The rally, slated to coincide with Erdogan's arrival in the German capital on September 28, is being organized along with several other rights groups, including Amnesty International, Reporters Without Borders and the German Journalists' Union (DJU).
By receiving the Turkish president, German Chancellor Angela Merkel and President Frank-Walter Steinmeier had effectively conceded that the "abolition of press freedom is a purely Turkish affair" that has no bearing on relations with Germany," DJV chief Frank Überall said.
'Imprisonments not acceptable'
During his two-day visit to Germany on September 28 and 29, Erdogan will be received with military honors and a state banquet hosted by Steinmeier, before holding talks with Merkel.
German-Turkish relations have been badly strained on the back of Ankara's wide-scale purge of the civil service and military. Erdogan's purge has also seen some 250 journalists detained, mostly on the grounds of supporting "terror groups." Among those arrested were dual German-Turkish nationals Deniz Yücel and Mesale Tolu, although both have since been released pending trial.
Announcing it was organizing the joint rally, Amnesty International said in a statement: "Criticism of the government, working for a 'suspicious' organization, coming into contact with sensitive sources, or simply using an encrypted messaging system — all these are enough for journalists to be arrested on terror charges."
Germany's Turkish-Islamic organization DITIB had confirmed this week that the Turkish president would open the new central mosque in Cologne, the country's largest, visiting the site with top regional politician Armin Laschet.

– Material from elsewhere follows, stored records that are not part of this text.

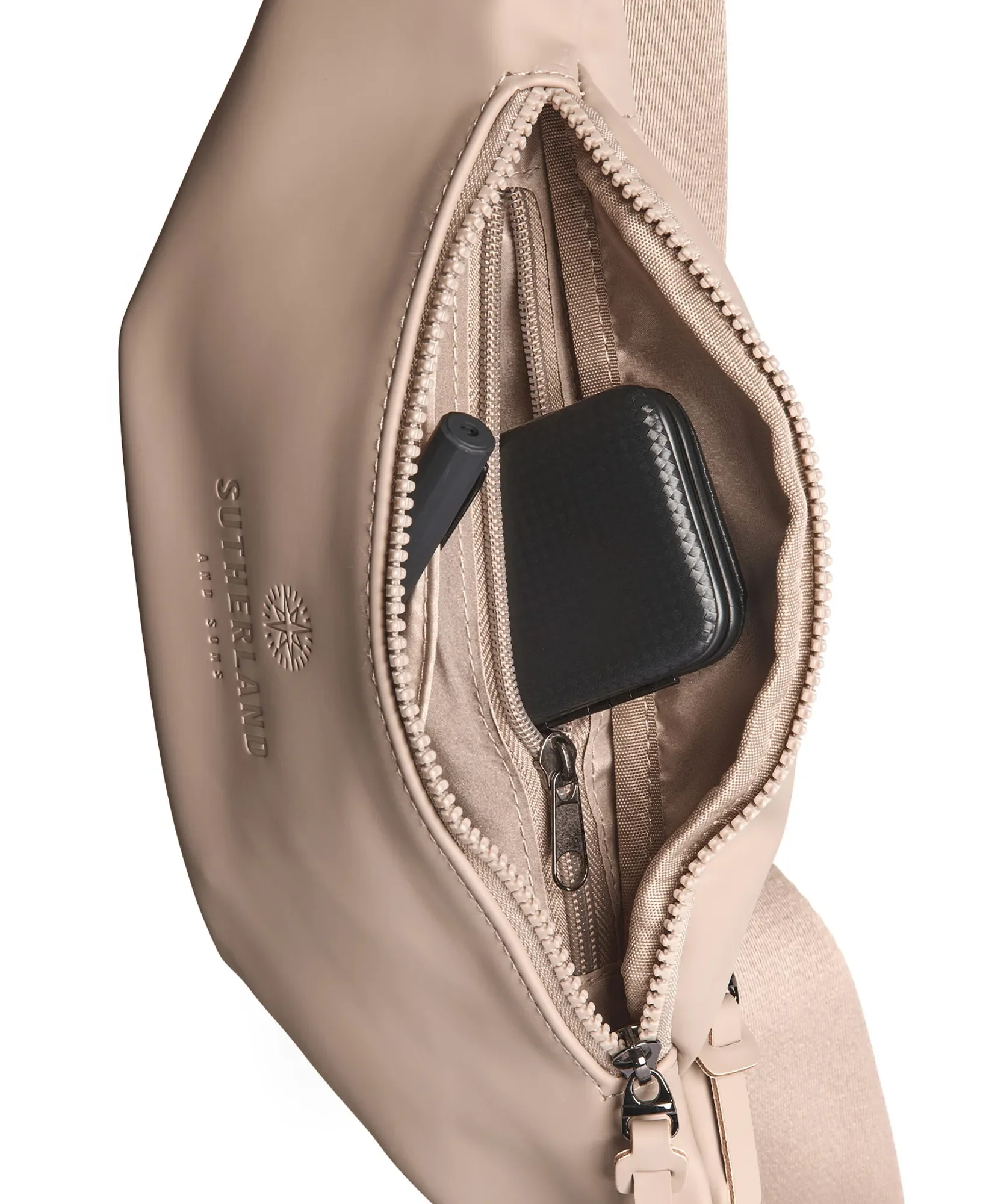Sutherland & Sons Urban PU Waistpack - Macchiato - Image 4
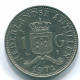 1 GULDEN 1971 ANTILLES NÉERLANDAISES Nickel Colonial Pièce #S11999.F.A - Netherlands Antilles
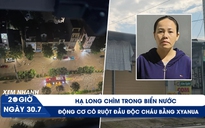 Xem nhanh 20h ngày 30.7: Hạ Long chìm trong biển nước | Động cơ cô ruột đầu độc cháu bằng xyanua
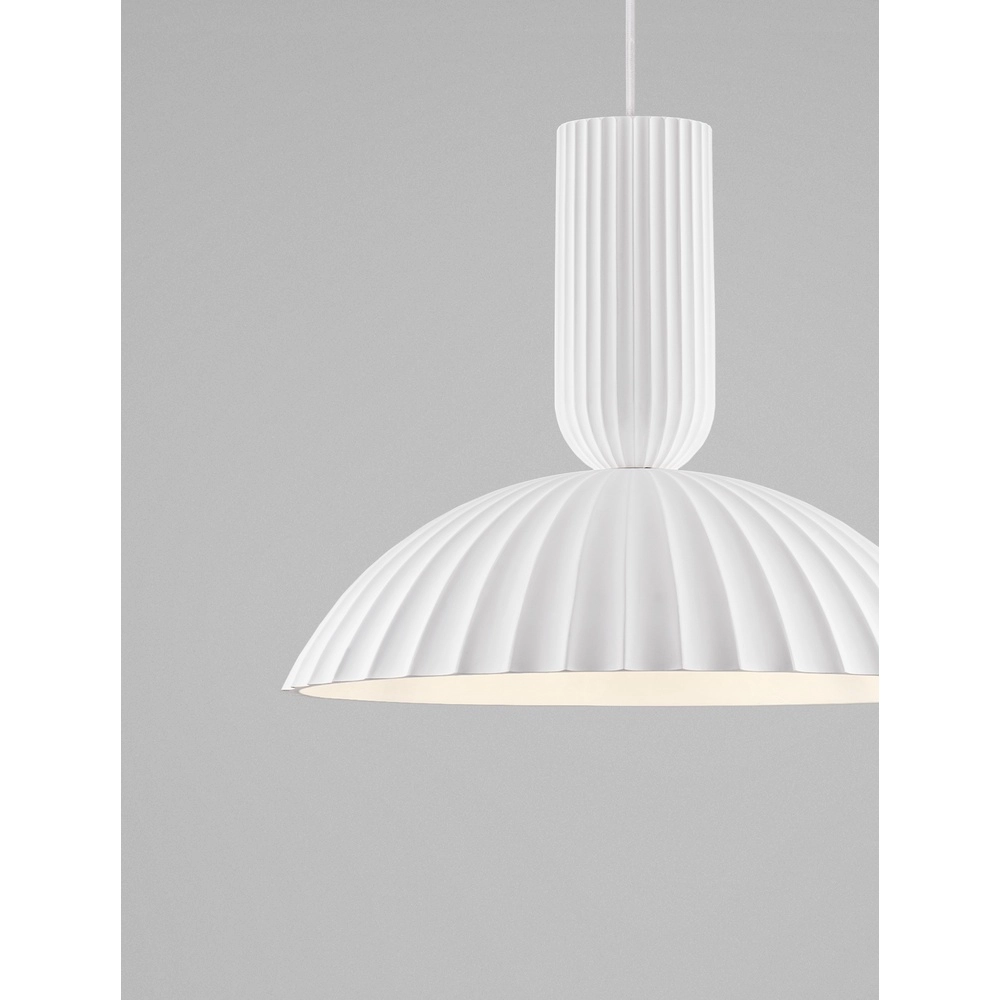 Pendant lamp Ammos white plaster Lyora 5212017469014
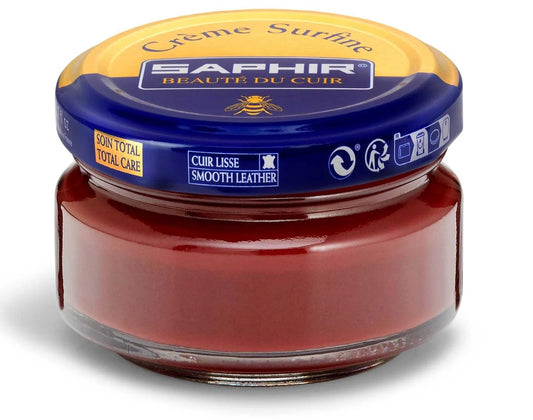 Saphir Cream Surfine Shoe Polish ACAJOU 09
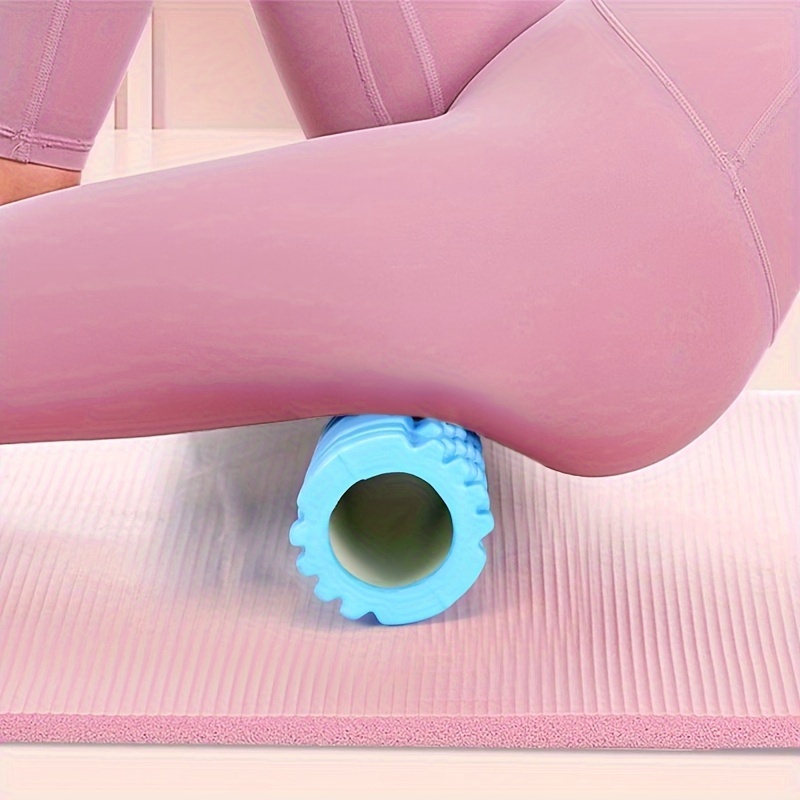 Manual Portable Mini Foam Roller - Professional Massage Roller Suitable for Yoga,, Portable Massager for Gym, Travel & Post-Workout - Compact Foam Roll for & Fascia Release (Ideal for Athletes)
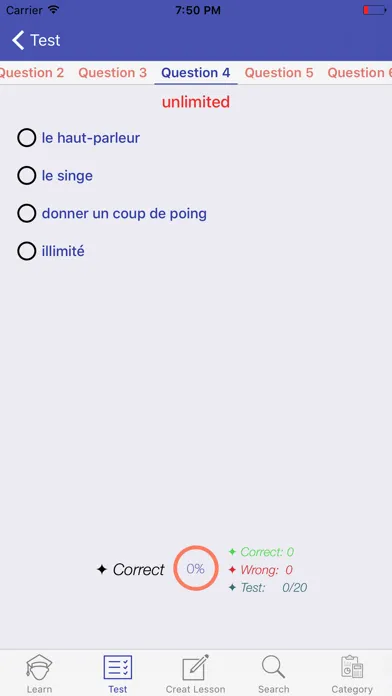Captures d'écran de Learning French Vocabulary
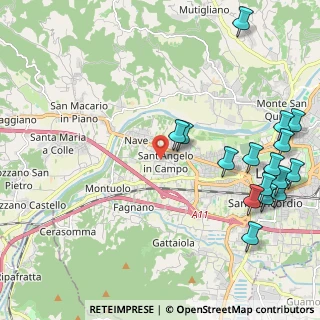 Mappa Via dell'Amore, 55100 Lucca LU, Italia (2.83625)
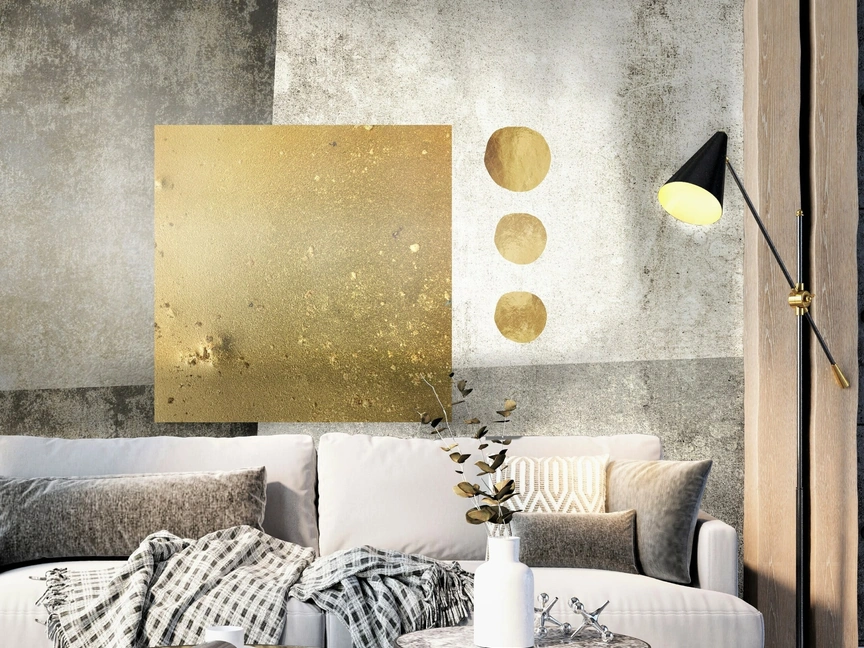 Carta da parati Geometric Gold di Pintdecor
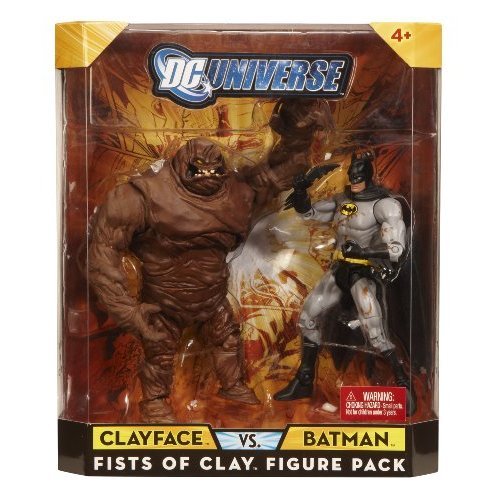  Mattel DC Universe Batman / Clayface Figures 2-Pack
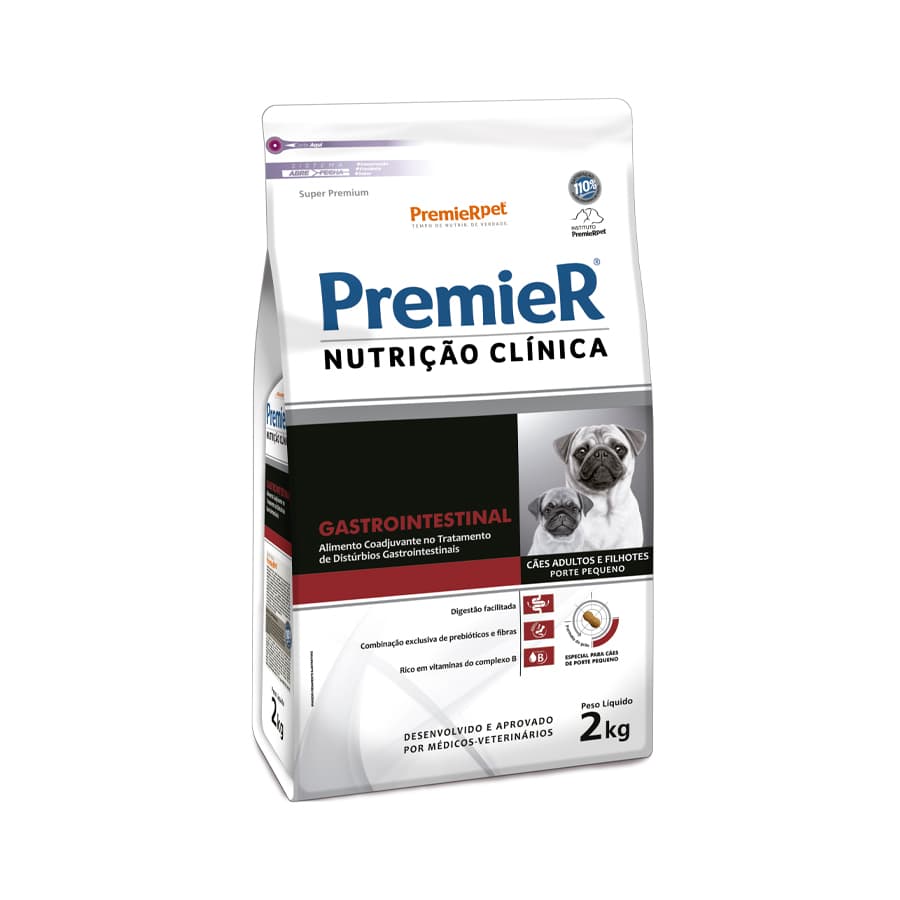 PREMIER NUTR.CÃO GASTROINTESTINAL PEQ.POR 2KG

However, embassy spokesperson Refik Sogukoglu told the DPA news agency that "a major speech was not planned" as part of the opening ceremony. Nevertheless, Erdogan still may hold private talks with DITIB officials.
Turkish political rallies have been a point of contention in Germany ever since Erdogan was barred from addressing 40,000 of his supporters via video link in 2016. Last year, he was twice denied permission to hold rallies Germany; first in March ahead of a referendum to grant him sweeping new powers, and then again in July ahead of the G20 summit in Hamburg when he was pushing a plebiscite to reintroduce the death penalty.